São apontadas como consequências indiretas deste tratado: a concessão à Espanha da navegação exclusiva do Rio da Prata;
a criação da Capitania D’El Rey de São Pedro do Rio Grande do Sul; o
aumento do poderio militar português no Sul do Brasil; a concessão de
parte da Amazónia aos portugueses; a construção do Forte Príncipe da Beira, do Forte do Macapá e do Forte de Tabatinga, entre outros. É também parcialmente responsável pela mudança da capital do Vice-Reino de Salvador para o Rio de Janeiro.

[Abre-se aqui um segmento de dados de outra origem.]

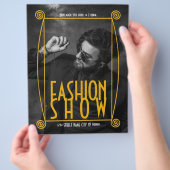 Mode Show Model Kleding Flyer (Hand)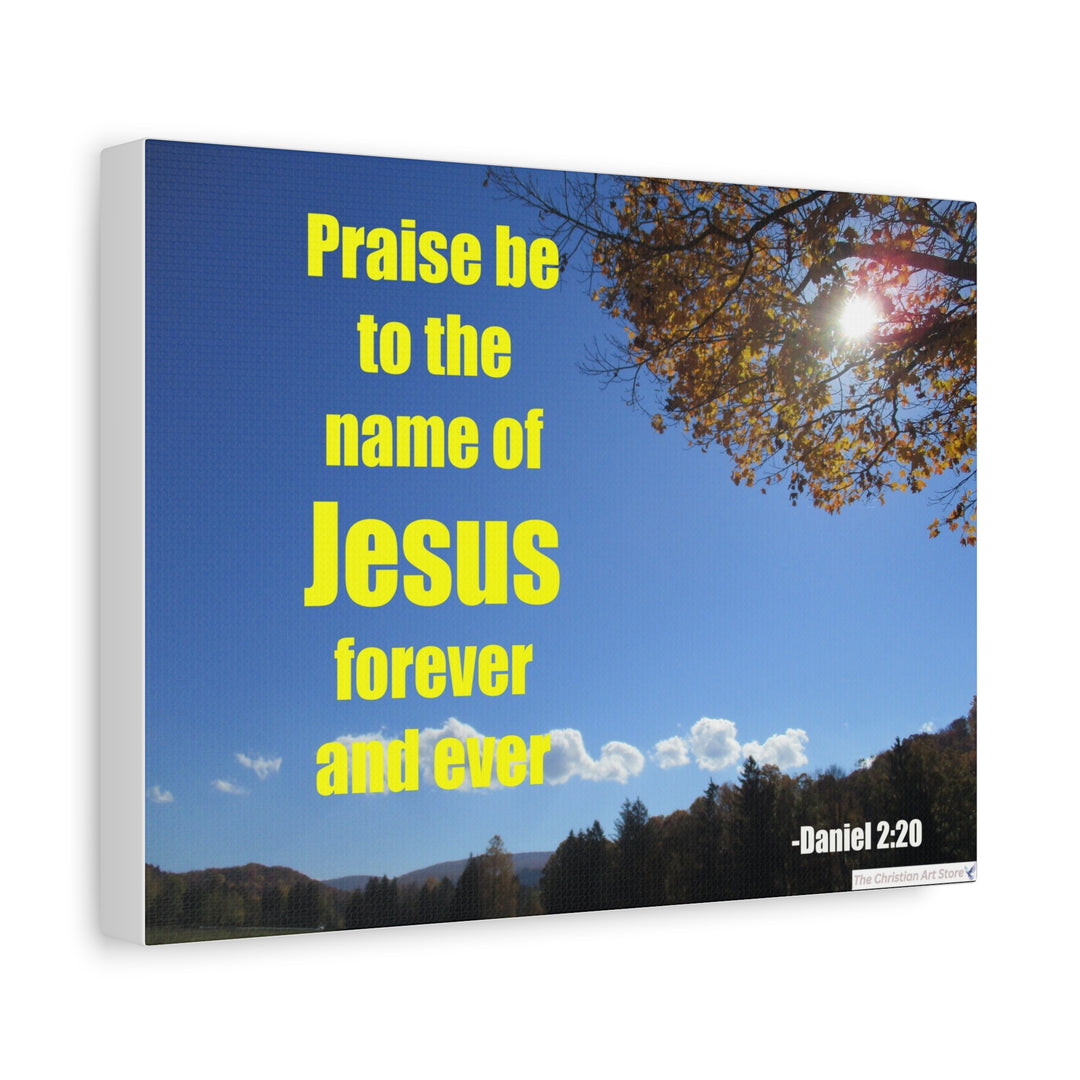 Daniel 2:20 Canvas
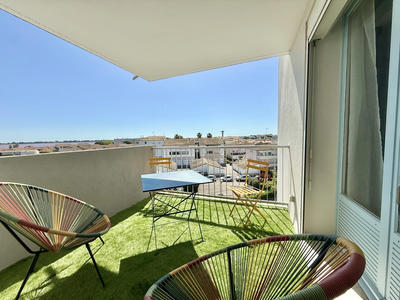 Appartement - 35 m² - 3 pièces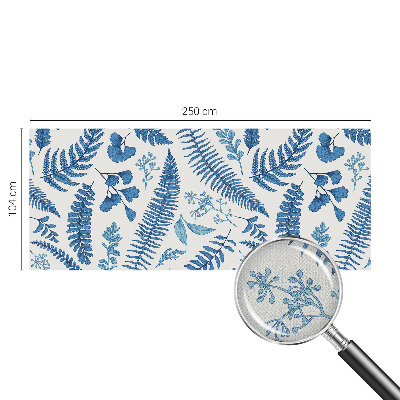 3D fototapetas sienoms Botanikos menas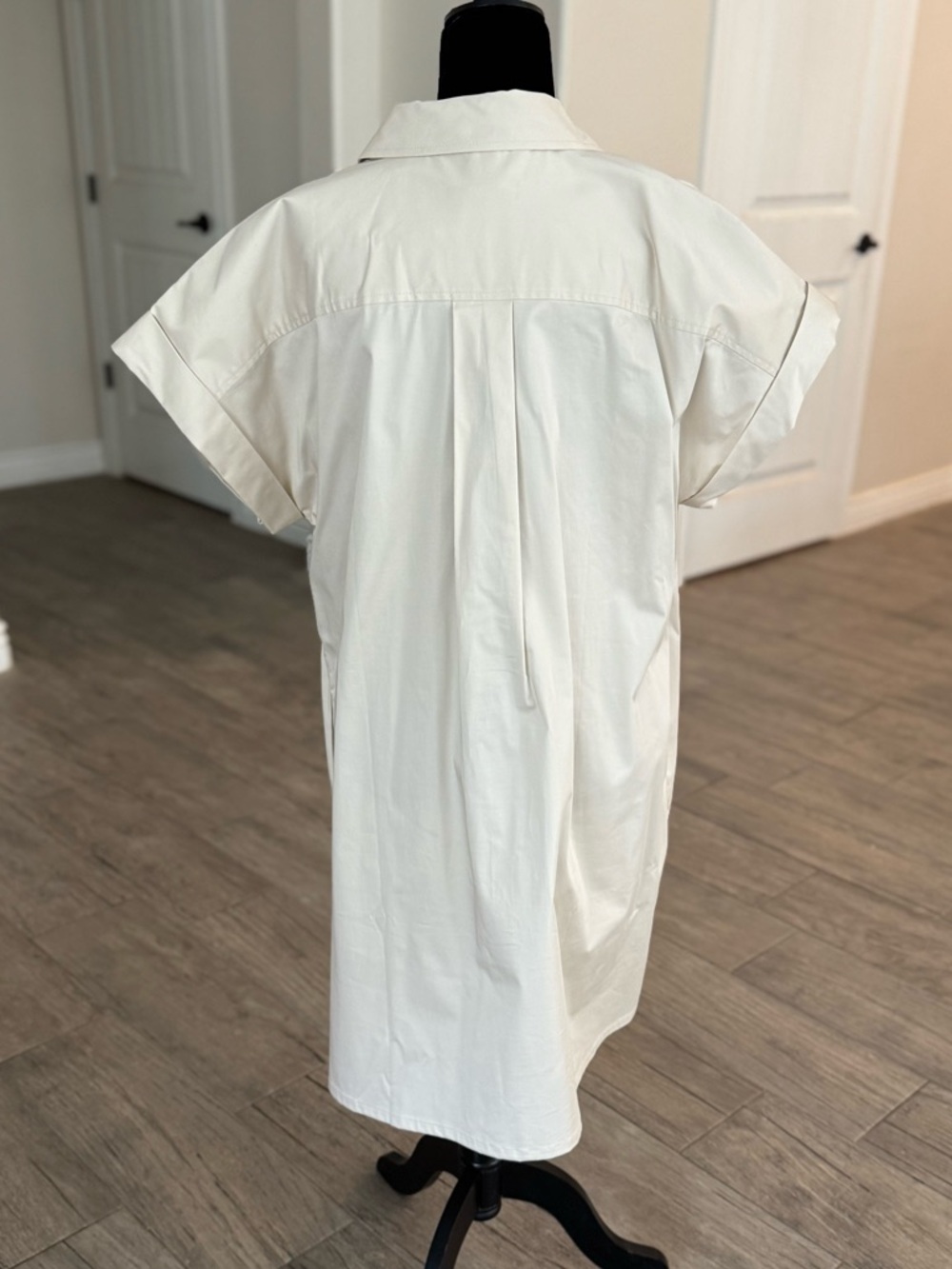 NWT Banana Republic Shirt-Style Dress Size XL - Picture 3 of 4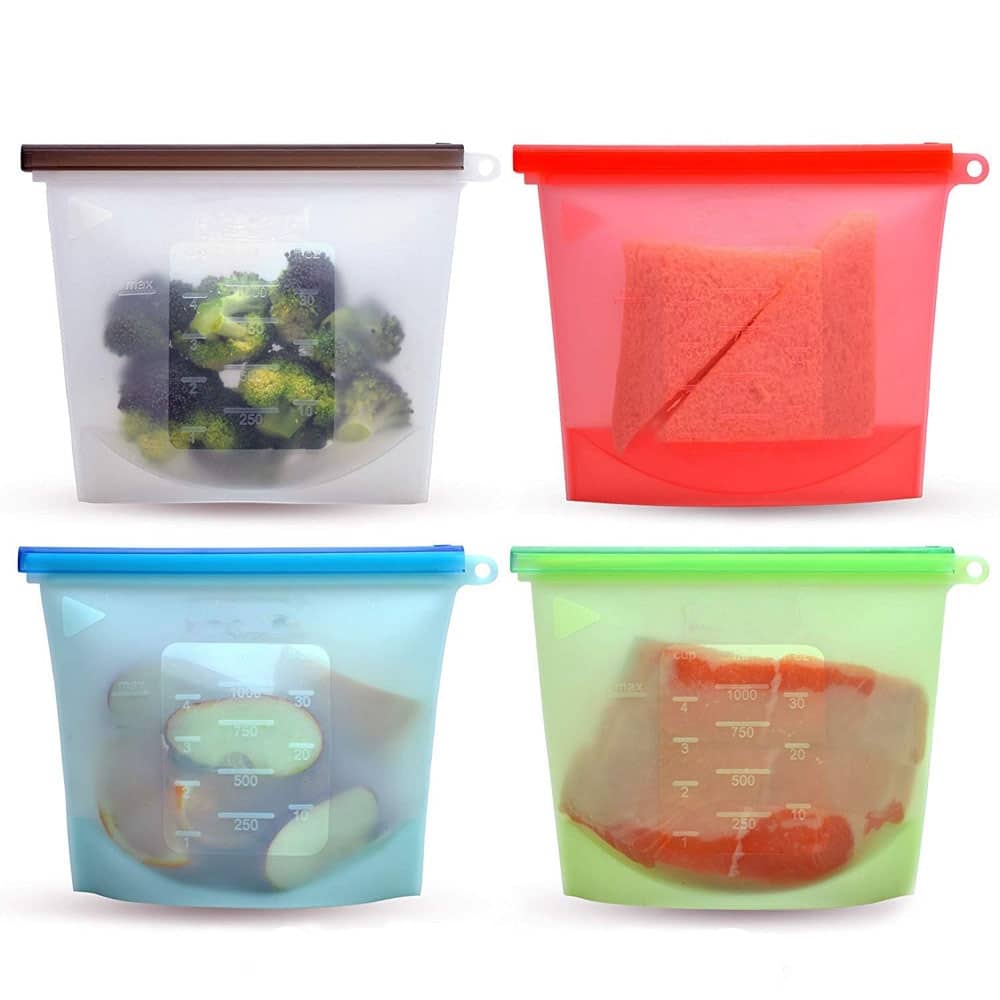 Reusable Silicone Food Storage Bag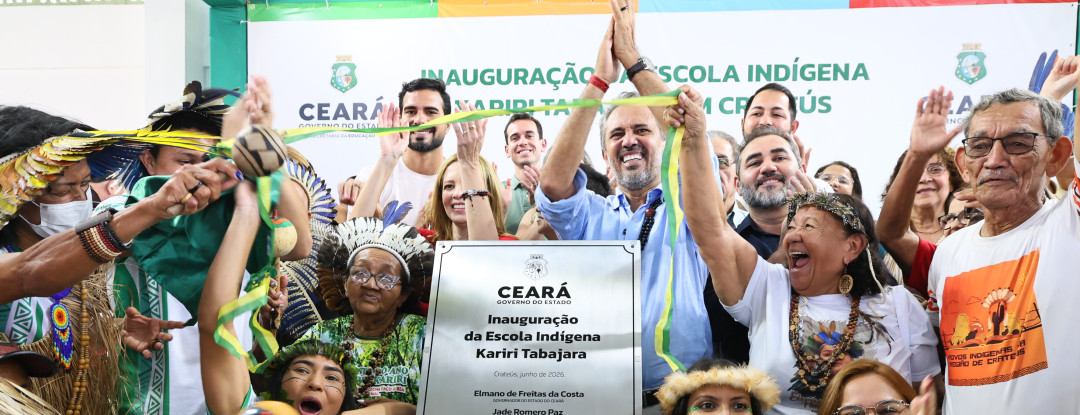 População Indígena de Crateús ganha nova escola Kariri Tabajara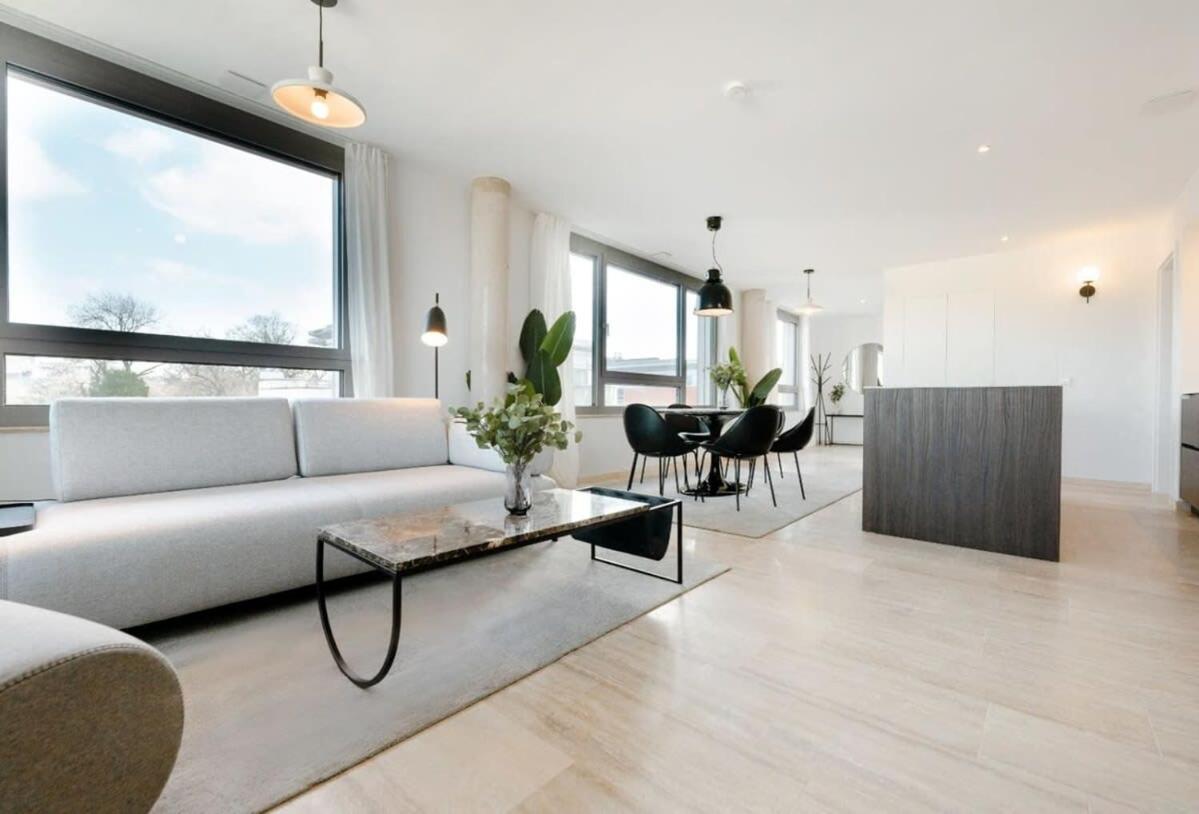 City Luxury With City Views In Ville Haute Luxemburg Exterior foto
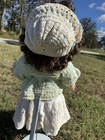 1950s Rita Paris Walker Doll Co 27  Vintage Hard Plastic Tlc- Read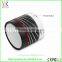 LED Light Portable Mini Metal Wireless Bluetooth Speaker Subwoofer Music Amplifier With FM Radio MP3 Player Support TF Card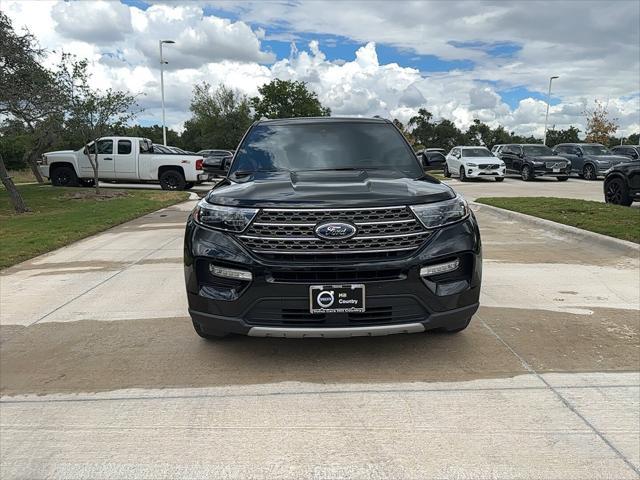 used 2022 Ford Explorer car, priced at $45,700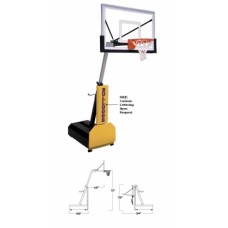 Fury Turbo Portable Basketball System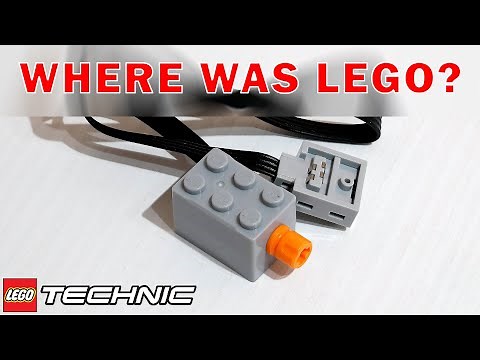 LEGO Technic compatible MICRO-MOTOR CADA from AliExpress Review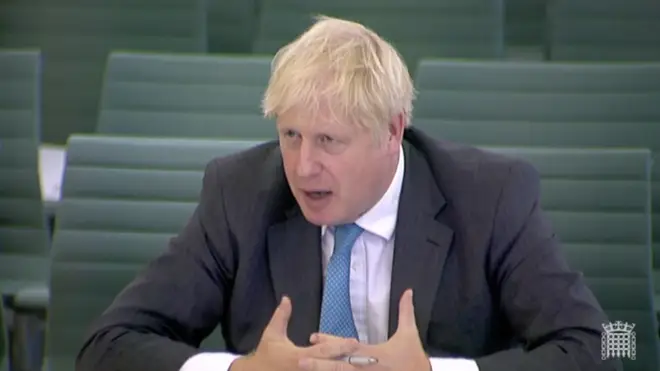 Boris Johnson has admitted the UK does not have enough testing capacity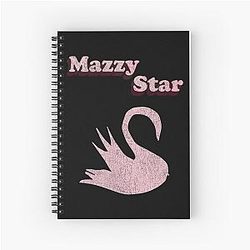 Art Mazzy Star Spiral Notebook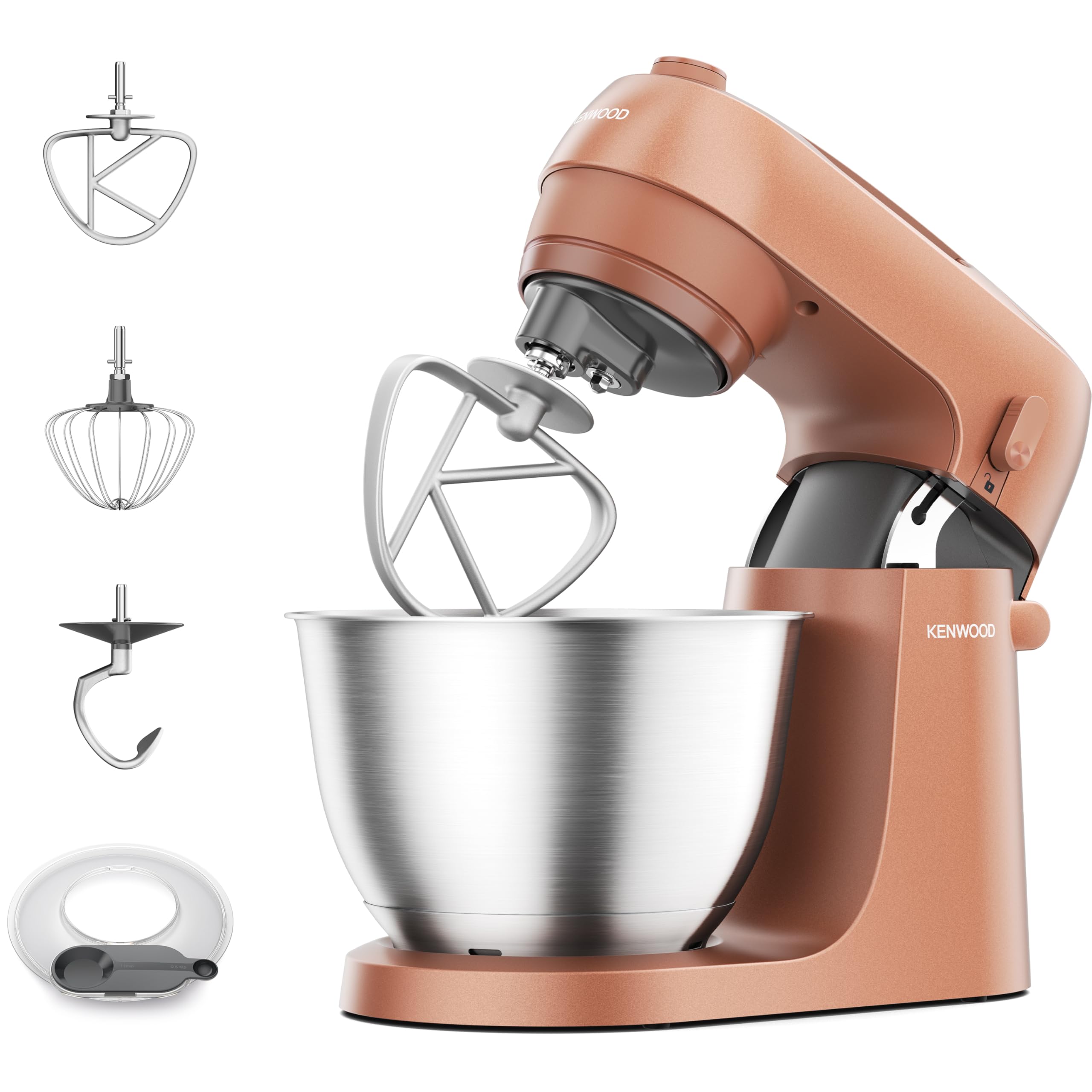Kenwood Go KZM35.000RD, Stand Mixer with...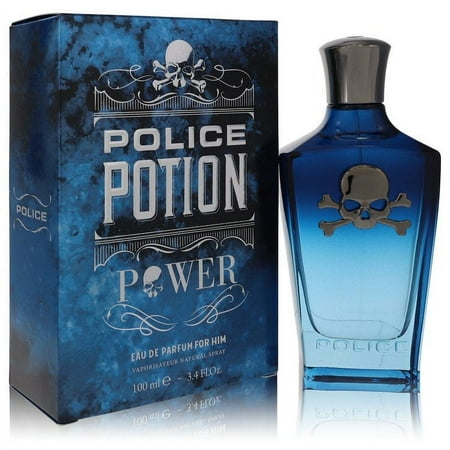 Police Potion Power Eau de Parfum 3.4 oz for Men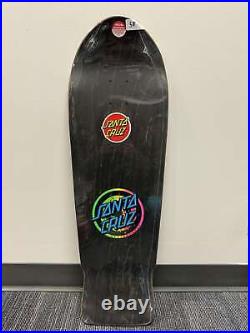 Santa Cruz Rob Roskopp Target 1 Reissue Pro Series Skateboard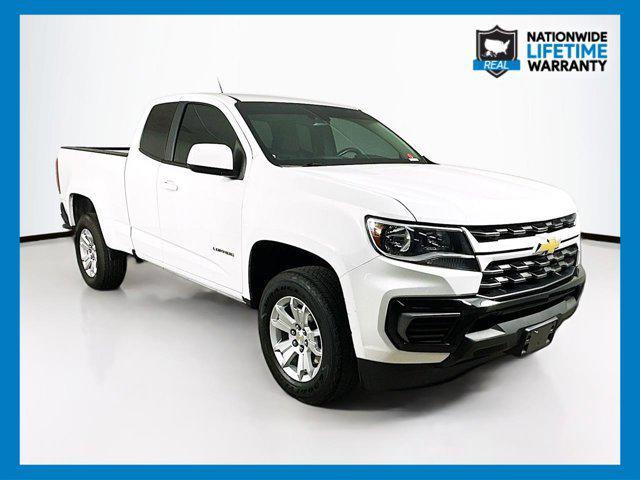 used 2022 Chevrolet Colorado car, priced at $16,084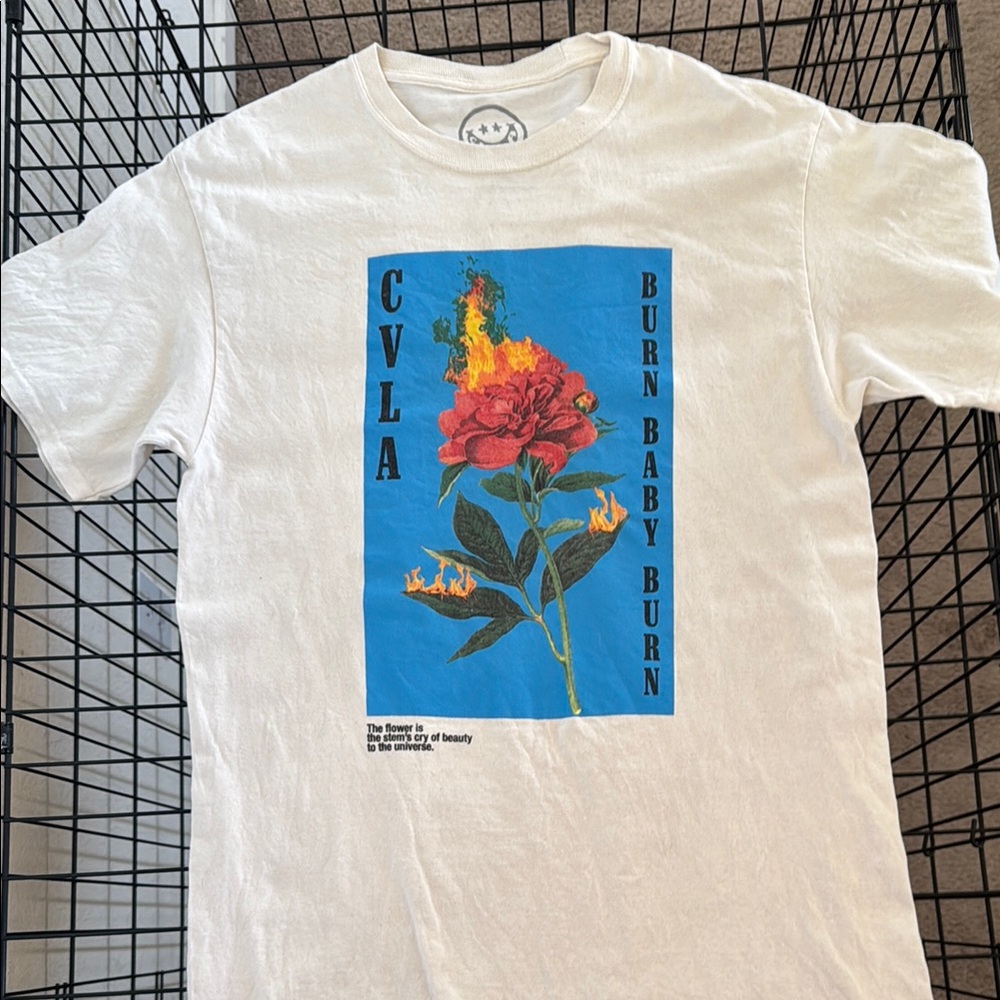 White Graphic T-Shirt for Men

As demarcações das fronteiras impostas pelo Tratado de Madrid sofreram
resistência, particularmente por parte dos índios guaranis, apoiados
pelos jesuítas. A reação indígena guarani do cacique José (Sepé)
Tiaraju deu início à Guerra Guaranítica (1752-1756). Sepé foi morto três dias antes da última batalha, a de Caibaté, onde morreram, combatendo, mais de 1.500 índios.
O resultado final desses tratados e de outros que viriam foi fruto da colonização portuguesa desde o século XVI até o XIX
que ao penetrar o território, seja por motivos económicos (mineração
na região mais central - Minas, Mato Grosso e Goiás -, pecuária no
sertão nordestino e no sul do Brasil e recolha de produtos da floresta,
associado à facilidade de navegação da Bacia Amazónica) ou religiosos
(como é o caso das missões
jesuítas, franciscanas e carmelitas que estiveram em diversas partes
do Brasil), expandiu os domínios portugueses de norte a sul e, pelo uti possidetis, adquiriu terras que antes não lhes pertenciam.
Para a historiografia brasileira, o Tratado de Madrid representa a base
histórico-jurídica da formação territorial do país, por ser o primeiro
documento a definir com precisão as suas fronteiras naturais. Para
historiadores argentinos, no entanto, este tratado teria sido
extorquido ao governo espanhol, por incapacidade ou por influência da
rainha da Espanha, filha do rei português.